A family dealing with ADD/ADHD or other mental health issues spends an average of $6000/year on medications, missed work, doctor’s appointments, emergency room visits, academic support, etc. Neurofeedback requires an initial expense but produces lasting changes, often superior to medications with no side effects. We like to compare it to the benefits of braces for the teeth. Because treatment is individualized and each brain is unique, it is difficult to predict with accuracy how many sessions will be needed. We offer affordable packages and visits are very cost-effective over time.
Is it covered by insurance?
Typically neurofeedback is not covered by insurance, however, Insurance companies and plans vary. If you can provide proof of your plan’s coverage, we will submit your claims to insurance.
How does neurofeedback work with psychotherapy?
Neurofeedback can be a wonderful adjunct to psychotherapy. While the two modalities can work well together, they do not replace each other. As the brain functions better through neurofeedback training, other emotional and behavioral issues can be easier to resolve with psychotherapy.

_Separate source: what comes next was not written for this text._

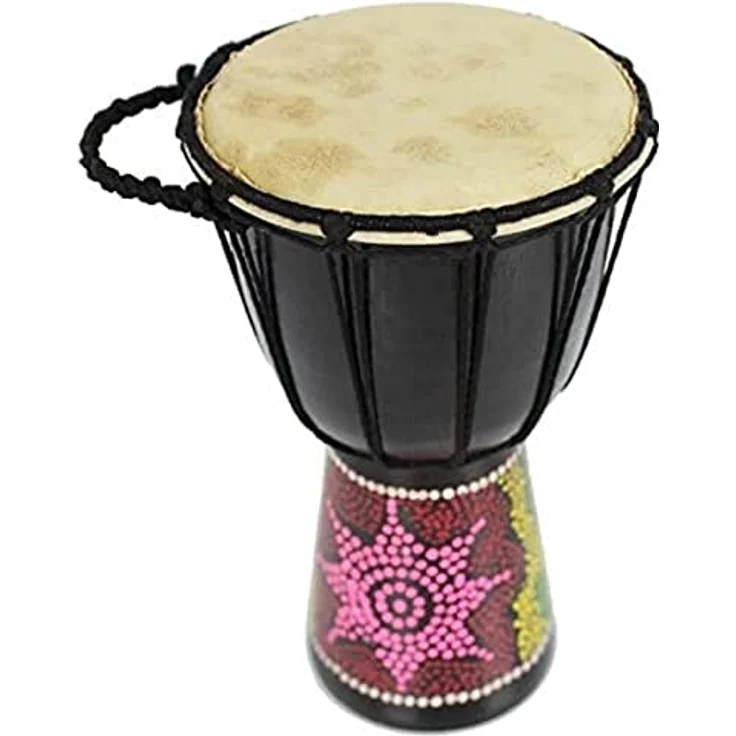A-Star 5 Zoll afrikanische Djembe-Trommel, handgefertigt, Seil gestimmt, Naturfell, 25 cm Höhe, 13 cm Durchmesser, bunt bemalt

How many sessions are generally needed?
A variety of factors affect how many sessions are needed to train the brain to healthier rhythms and long-term conditions can take a while to change. The average number of sessions is 25-40. Some clients benefit from less and some need more. Because all brains are different, it is difficult to predict with accuracy how many sessions will be needed before neurofeedback training begins and we see how a client responds. Often people notice benefits within a few sessions, but the goal is not just a reduction in symptoms; it is also in long-term stability.
Initially we prefer to see clients two times per week. Over time, we generally taper the sessions down as the brain holds the new patterns longer.
Are there any risks or side effects with neurofeedback?
In over 40 years of usage, no long-term negative effects have ever been identified with neurofeedback training. Neurofeedback is a process. In the short-term, clients usually notice benefits, but occasionally they may notice a short-term increase in symptoms as the brain adjusts to a new pattern. Any increase in symptoms usually goes away rapidly on its own or can easily be adjusted by a trained clinician.
Why don’t more doctors recommend or offer neurofeedback?
The main reason is the lack of knowledge about neurofeedback and its benefits. Most of the research published is in specialized journals to which medical professionals rarely subscribe. And, unlike pharmaceutical companies, neurofeedback equipment makers don’t send representatives around to tout their products./p>
How does neurofeedback work with medications?
Neurofeedback is not a replacement for medical care. Your neurofeedback clinician will work closely with you and your doctor. It is common for individuals to have a reduced need for medication as the training progresses. If you are taking prescribed medications, please bring a list with you to your intake session. Being educated regarding the overdose effects of your specific medications is important. Overdose can be the result of the brain’s decreased need for medication.